Hit count is increasing but there are no traffic logs generated at session start
1005
Created On 07/31/25 19:40 PM - Last Modified 10/31/25 08:54 AM
Symptom
- Firewall rule shows a recent 'last hit' date.
- "App Seen" is not populated after the "App Seen" has been reset.
- No corresponding traffic logs are found on the firewall for the rule when reviewing logs directly on the firewall.
- Enabling logging on rule at "session start" or "session end" does not produce any traffic logs.
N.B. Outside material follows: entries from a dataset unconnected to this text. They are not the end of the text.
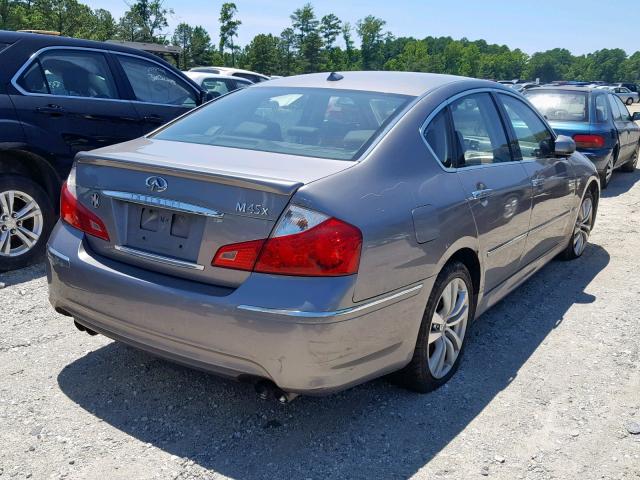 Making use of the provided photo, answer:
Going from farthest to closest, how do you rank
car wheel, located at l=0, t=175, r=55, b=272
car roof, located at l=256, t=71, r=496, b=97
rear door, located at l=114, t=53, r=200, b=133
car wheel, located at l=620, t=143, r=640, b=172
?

- No sessions showing up in GUI session browser when searching for rule.
Environment
- Next Gen Firewalls (NGFW)
- Panorama
- Traffic Logs
Cause
- Definition
- Explicit Rule
- Rule that have ports listed explicitly through services policy objects
- Implicit Rule
- Rules that have ports assigned through an application(s) and using application-default to define ports.
- Explicit Rule
- Firewall Functionality
- When a session is being setup, the 6-Tuple is matched before the application is identified.
- Traffic is completed on first rule matched in a two pass process.
- The first pass will match on explicit rule if one is available.
- If there is no match on the traffic a second pass will be completed to match on an implicit rule.
- Traffic matched on a implicit/explicit rule match does not produce traffic logs.
- Traffic logs are generated when a policy is assigned to the session during the slow path and First security policy lookup.
Resolution
Confirming that rule is being matched on implicit/explicit rule
-
- When the hit count continue to increase but the "Apps Seen" does not populate with new applications the traffic should be considered implicit/explicit traffic with the application being identified and the traffic is being matched on a different rule.